Most of Le Guin's fiction struck me as admirable but cold for a long time (though I've always been fond of The Lathe of Heaven), but something finally clicked for me a few years ago.
Robin McKinley is going to be one of the guests of honor at next year's Wiscon, btw.
I think A Door in the Hedge has been re-printed -- I saw it in the children's section of a bookstore last week.
I just checked Amazon and it was re-issued in 2003 in paperback.
Well, do I feel all behind the times! But I'm glad, cause I can read it again.
Anyone read The Heaven Tree trilogy by Edith Pargeter
God, yes. Worth reading, Beverly. In one of the Kate Shugak mysteries by Dana Stabenow, Kate is on a salmon fishing boat in the middle of the Bering Straits, crying over The Heaven Tree Trilogy. I love that.

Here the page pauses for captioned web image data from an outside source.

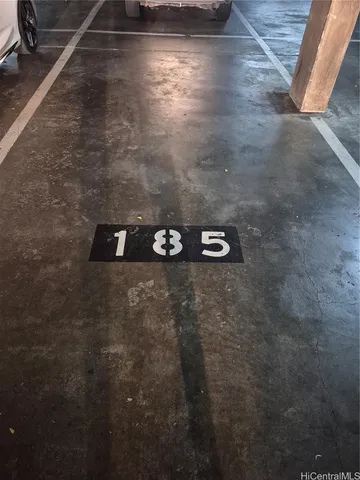 a view of water heater room with wooden floor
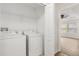 Convenient laundry room featuring washer, dryer, wire rack shelving and access to the bedroom at 10608 Savannah Plantation Ct, Orlando, FL 32832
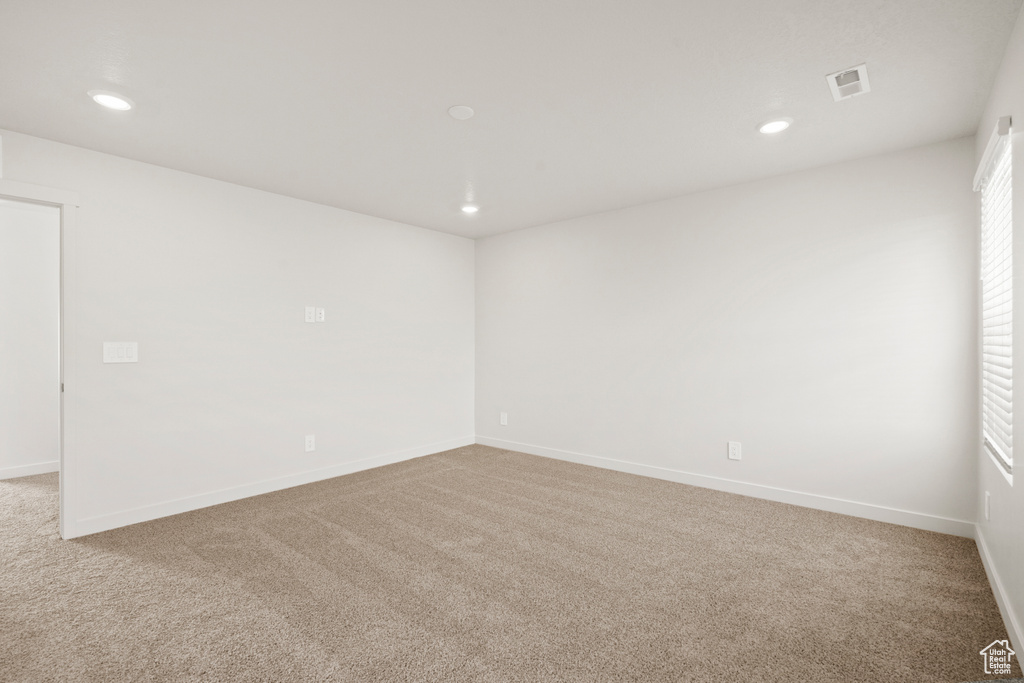 Carpeted empty room with visible vents, recessed lighting, and baseboards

It's a marvelous trilogy about art, love, death, family, vengeance, and forgiveness. Written in Pargeter's lucid prose. These are not people of now, they are people of then, and you love them and hate them in equal measure. I loved it.
The Brothers of Gwynedd Quartet, oddly enough, didn't have nearly as much impact, possibly because it's less fictional. But I really liked A Bloody Field by Shrewsbury, which is all about Prince Hal and Hotspur.

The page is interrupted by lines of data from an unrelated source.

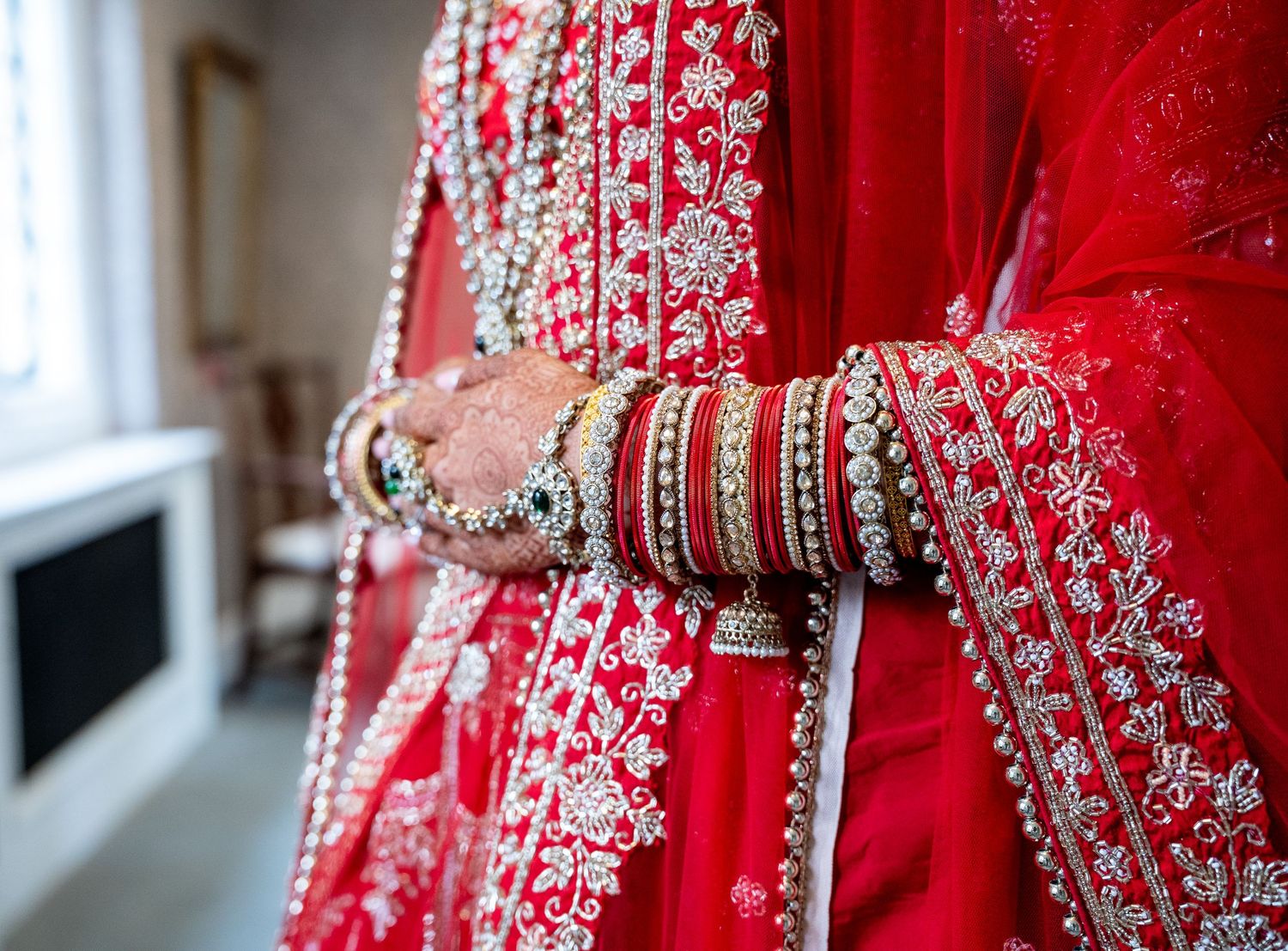Close-up of Indian bride's red embroidered lehenga with gold and red wedding bangles.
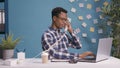 Male secretary answering landline phone at desk with laptop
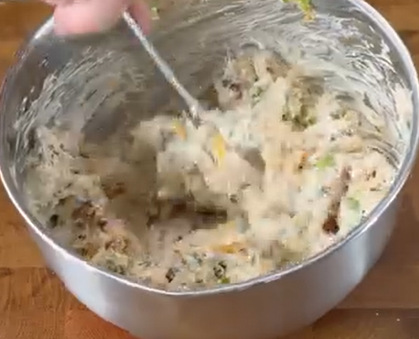 A hand stirs thick, chunky batter with a spoon in a large metal mixing bowl on a wooden surface.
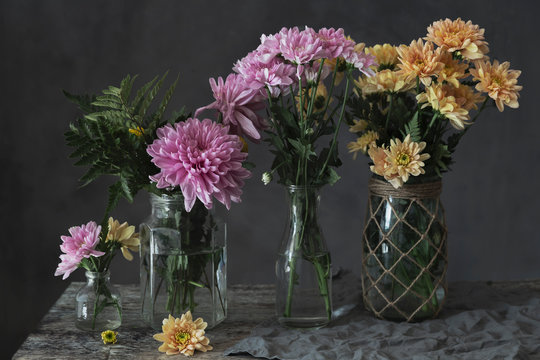 purple and yellow flowers on vases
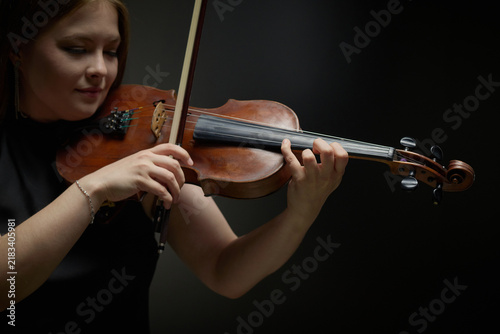 Young adult Caucasian woman playing violin during classical music performance. Image suitable for arts education, orchestra advertising, and acoustic concert promotion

Pargeter also wrote a marvelous sequence of novels about a WWII-era soldier, while the war was ongoing. Which makes it that much more compelling, since she didn't know how it was going to end when she started it. I forget the name, will have to research.
I love McKinley but I had problems with Spindle's End, don't remember why. I admit I like her earlier stuff better, as well. That could be purely emotional.
Betsy, it wasn't the arranged marriage. It was the slap. I think that sort of self-righteous attitude (See? I told you I would do it!) would have made the master of the house progressively more difficult to live with. I wished to do great damage to him with that poker. In a proactive, this is going to be more trouble to you than it's worth sort of way. So I guess it's a good thing the author had a more pliant woman in that scene, one who was willing to put up with a little wedding night domestic violence.
... I don't remember curious circumstances regarding the conception of Ripsie's firstborn. Borowis?
Thanks, Suela. I actually have read--and loved--the middle book. And started the first. It was just so daunting a beginning I couldn't really get a running start on it. Plus, I think my attention span has shortened. It's all that web-surfing and instant gratification, I tell you! But I will assay it once more, once I pull up my socks.
OK, hivemind: a colleague's asked me for book recommendations, and while I can cover several genres, spy novels ain't one of them. So I figured (since I'm reading
The Wisdom of Crowds
) that all of us are smarter than no single member, I'd ask all of us. What are the key spy novels to read?